Below are some entries. Reproduce them word for word.

*** SUPPLIED RECORDS ***

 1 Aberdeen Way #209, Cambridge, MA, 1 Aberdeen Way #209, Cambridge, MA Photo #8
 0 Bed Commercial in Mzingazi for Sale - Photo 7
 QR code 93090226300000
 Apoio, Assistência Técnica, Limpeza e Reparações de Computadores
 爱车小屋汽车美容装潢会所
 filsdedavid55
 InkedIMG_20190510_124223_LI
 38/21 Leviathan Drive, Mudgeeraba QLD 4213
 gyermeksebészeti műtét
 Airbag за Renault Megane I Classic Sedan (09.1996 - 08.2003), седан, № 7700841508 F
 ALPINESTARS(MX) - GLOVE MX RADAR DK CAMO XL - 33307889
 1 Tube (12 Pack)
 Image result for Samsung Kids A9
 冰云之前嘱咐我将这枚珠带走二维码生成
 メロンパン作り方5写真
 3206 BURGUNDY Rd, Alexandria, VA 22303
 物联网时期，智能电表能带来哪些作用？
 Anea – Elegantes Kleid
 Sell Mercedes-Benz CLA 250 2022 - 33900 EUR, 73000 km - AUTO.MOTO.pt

*** End of SUPPLIED RECORDS ***

- RESPONSE AREA -
 1 Aberdeen Way #209, Cambridge, MA, 1 Aberdeen Way #209, Cambridge, MA Photo #8
 0 Bed Commercial in Mzingazi for Sale - Photo 7
 QR code 93090226300000
 Apoio, Assistência Técnica, Limpeza e Reparações de Computadores
 爱车小屋汽车美容装潢会所
 filsdedavid55
 InkedIMG_20190510_124223_LI
 38/21 Leviathan Drive, Mudgeeraba QLD 4213
 gyermeksebészeti műtét
 Airbag за Renault Megane I Classic Sedan (09.1996 - 08.2003), седан, № 7700841508 F
 ALPINESTARS(MX) - GLOVE MX RADAR DK CAMO XL - 33307889
 1 Tube (12 Pack)
 Image result for Samsung Kids A9
 冰云之前嘱咐我将这枚珠带走二维码生成
 メロンパン作り方5写真
 3206 BURGUNDY Rd, Alexandria, VA 22303
 物联网时期，智能电表能带来哪些作用？
 Anea – Elegantes Kleid
 Sell Mercedes-Benz CLA 250 2022 - 33900 EUR, 73000 km - AUTO.MOTO.pt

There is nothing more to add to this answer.